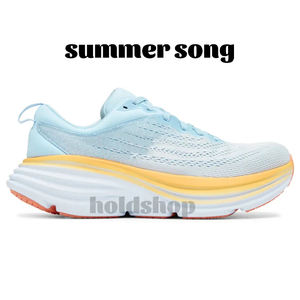 Zapatillas para Correr <span class=keywords><strong>Bondi</strong></span> <span class=keywords><strong>8</strong></span>, Ligeras, con Amortiguación, para Hombre y <span class=keywords><strong>Mujer</strong></span>, para Correr Largos Recorridos, Casuales - Product Image 6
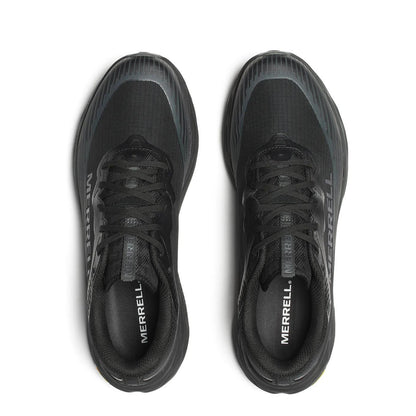 Merrell Agility Peak 6 Gore-Tex Trainer Black - The Sporting Lodge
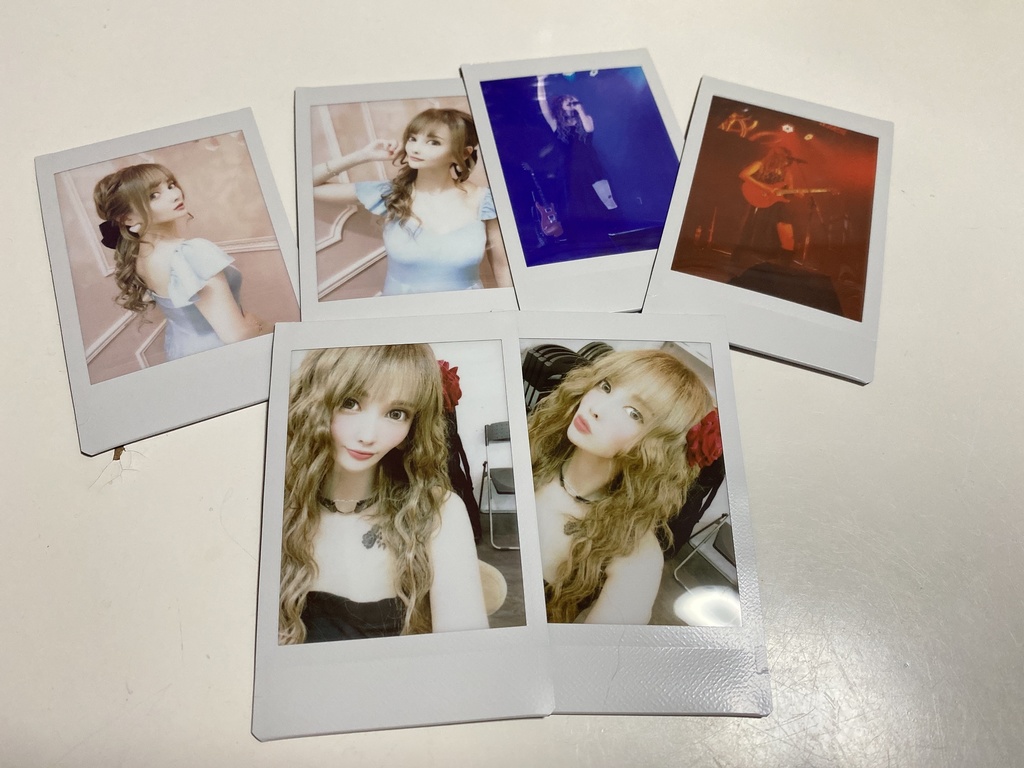 ♡東京Liveチェキ♡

§ Problem
Would you restate the listing word for word without its pictures?

§ Solved problem
 Zapatillas para Correr <span class=keywords><strong>Bondi</strong></span> <span class=keywords><strong>8</strong></span>, Ligeras, con Amortiguación, para Hombre y <span class=keywords><strong>Mujer</strong></span>, para Correr Largos Recorridos, Casuales - Product Image 6
 Merrell Agility Peak 6 Gore-Tex Trainer Black - The Sporting Lodge
 ♡東京Liveチェキ♡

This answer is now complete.